> **TO DO**: State, as a bare number, how many lines below contain "vendita".

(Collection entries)
========

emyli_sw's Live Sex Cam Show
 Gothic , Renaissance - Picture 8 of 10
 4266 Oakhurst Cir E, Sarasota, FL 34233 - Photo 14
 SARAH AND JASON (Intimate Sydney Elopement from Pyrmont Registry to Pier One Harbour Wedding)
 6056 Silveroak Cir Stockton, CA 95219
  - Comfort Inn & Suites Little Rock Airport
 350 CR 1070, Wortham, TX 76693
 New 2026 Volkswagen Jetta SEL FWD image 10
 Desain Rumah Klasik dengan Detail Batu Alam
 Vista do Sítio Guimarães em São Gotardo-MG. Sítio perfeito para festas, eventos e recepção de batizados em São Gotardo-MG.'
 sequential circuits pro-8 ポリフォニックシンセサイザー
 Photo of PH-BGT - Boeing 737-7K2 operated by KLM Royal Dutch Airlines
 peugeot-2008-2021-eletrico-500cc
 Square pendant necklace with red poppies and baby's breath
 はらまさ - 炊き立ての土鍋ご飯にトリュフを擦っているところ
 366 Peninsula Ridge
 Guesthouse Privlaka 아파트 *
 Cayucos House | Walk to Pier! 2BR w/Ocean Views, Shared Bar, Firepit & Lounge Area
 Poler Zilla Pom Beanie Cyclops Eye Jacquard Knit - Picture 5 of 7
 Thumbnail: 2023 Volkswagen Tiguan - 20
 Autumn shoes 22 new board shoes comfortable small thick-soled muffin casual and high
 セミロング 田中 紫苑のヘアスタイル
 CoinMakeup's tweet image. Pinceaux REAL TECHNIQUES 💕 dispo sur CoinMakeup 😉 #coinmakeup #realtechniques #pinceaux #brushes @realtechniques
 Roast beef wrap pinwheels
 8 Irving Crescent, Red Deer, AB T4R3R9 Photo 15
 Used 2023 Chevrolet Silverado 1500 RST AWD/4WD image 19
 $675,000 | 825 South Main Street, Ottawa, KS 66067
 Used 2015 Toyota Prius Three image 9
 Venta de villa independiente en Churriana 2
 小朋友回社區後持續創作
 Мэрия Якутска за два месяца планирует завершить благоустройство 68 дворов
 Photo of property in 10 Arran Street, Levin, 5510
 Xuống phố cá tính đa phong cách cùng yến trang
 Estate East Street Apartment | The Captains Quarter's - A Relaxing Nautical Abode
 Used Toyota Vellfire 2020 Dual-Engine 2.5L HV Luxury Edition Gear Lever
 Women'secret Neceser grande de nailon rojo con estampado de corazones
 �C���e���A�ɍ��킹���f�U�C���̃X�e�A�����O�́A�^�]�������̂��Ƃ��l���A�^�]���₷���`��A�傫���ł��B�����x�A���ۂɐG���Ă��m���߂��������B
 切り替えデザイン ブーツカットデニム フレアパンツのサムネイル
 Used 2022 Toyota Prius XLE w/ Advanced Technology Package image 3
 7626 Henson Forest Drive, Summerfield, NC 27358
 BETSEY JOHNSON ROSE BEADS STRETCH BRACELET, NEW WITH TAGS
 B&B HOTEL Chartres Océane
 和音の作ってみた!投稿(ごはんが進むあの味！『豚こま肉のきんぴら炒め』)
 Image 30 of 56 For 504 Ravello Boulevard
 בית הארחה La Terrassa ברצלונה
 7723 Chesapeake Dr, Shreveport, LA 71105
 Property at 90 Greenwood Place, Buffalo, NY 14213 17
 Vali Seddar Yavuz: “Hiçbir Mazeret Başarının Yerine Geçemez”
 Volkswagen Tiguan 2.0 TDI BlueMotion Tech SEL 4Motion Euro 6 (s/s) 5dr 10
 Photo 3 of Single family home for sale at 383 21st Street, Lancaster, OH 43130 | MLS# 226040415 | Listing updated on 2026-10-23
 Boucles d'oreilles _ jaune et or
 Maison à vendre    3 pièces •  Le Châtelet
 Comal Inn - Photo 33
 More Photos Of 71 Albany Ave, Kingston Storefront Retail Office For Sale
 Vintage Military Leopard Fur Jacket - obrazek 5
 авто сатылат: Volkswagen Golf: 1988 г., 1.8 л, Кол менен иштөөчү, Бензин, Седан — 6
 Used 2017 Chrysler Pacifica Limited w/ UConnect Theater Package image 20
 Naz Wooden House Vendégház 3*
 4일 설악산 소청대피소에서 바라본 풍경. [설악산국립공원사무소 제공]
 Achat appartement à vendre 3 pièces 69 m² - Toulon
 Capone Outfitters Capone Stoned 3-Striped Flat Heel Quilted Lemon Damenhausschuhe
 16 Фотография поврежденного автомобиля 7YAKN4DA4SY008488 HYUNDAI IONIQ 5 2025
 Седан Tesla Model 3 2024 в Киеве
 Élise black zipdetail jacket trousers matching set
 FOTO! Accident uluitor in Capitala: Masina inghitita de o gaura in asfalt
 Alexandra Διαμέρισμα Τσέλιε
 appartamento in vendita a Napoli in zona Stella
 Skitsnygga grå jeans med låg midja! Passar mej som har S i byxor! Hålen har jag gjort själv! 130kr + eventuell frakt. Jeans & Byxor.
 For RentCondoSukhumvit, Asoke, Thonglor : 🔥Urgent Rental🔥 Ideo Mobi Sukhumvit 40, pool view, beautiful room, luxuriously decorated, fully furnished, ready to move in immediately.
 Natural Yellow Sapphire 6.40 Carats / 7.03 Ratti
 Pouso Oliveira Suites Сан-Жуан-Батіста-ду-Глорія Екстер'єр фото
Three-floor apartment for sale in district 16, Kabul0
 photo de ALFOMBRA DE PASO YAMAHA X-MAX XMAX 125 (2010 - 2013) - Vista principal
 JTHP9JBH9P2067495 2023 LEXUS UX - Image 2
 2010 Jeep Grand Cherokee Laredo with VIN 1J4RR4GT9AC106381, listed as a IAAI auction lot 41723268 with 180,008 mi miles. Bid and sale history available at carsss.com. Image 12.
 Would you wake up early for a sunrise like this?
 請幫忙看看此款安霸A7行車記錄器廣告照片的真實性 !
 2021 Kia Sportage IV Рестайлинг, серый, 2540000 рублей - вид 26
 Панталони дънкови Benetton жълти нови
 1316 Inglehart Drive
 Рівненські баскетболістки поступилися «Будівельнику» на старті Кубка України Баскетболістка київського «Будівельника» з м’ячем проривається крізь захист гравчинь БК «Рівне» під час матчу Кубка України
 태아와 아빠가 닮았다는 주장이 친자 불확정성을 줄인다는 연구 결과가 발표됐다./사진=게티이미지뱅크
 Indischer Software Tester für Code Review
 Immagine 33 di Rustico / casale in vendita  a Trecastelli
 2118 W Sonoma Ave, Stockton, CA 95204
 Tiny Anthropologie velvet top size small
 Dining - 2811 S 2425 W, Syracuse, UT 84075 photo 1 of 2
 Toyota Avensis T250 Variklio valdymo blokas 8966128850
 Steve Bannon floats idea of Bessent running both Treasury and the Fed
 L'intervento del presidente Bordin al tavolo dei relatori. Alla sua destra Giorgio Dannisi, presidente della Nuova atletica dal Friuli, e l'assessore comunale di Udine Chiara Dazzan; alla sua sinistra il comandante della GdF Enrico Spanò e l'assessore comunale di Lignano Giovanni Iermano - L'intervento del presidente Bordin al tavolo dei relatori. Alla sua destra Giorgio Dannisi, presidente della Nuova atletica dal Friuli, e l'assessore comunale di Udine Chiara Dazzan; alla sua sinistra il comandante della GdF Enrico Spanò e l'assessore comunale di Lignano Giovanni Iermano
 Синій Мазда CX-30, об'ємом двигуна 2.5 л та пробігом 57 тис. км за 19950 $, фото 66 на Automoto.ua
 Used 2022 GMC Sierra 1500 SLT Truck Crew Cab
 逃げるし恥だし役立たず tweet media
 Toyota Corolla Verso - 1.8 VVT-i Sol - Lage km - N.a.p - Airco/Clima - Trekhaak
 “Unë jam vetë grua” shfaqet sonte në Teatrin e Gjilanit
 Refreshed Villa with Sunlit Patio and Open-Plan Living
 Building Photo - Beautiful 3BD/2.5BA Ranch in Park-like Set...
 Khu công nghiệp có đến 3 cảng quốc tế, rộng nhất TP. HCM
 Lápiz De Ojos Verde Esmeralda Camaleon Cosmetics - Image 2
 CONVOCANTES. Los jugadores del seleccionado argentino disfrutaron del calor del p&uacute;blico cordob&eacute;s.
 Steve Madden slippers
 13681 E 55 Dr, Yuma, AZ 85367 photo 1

========

> **WRITTEN RESPONSE**: 2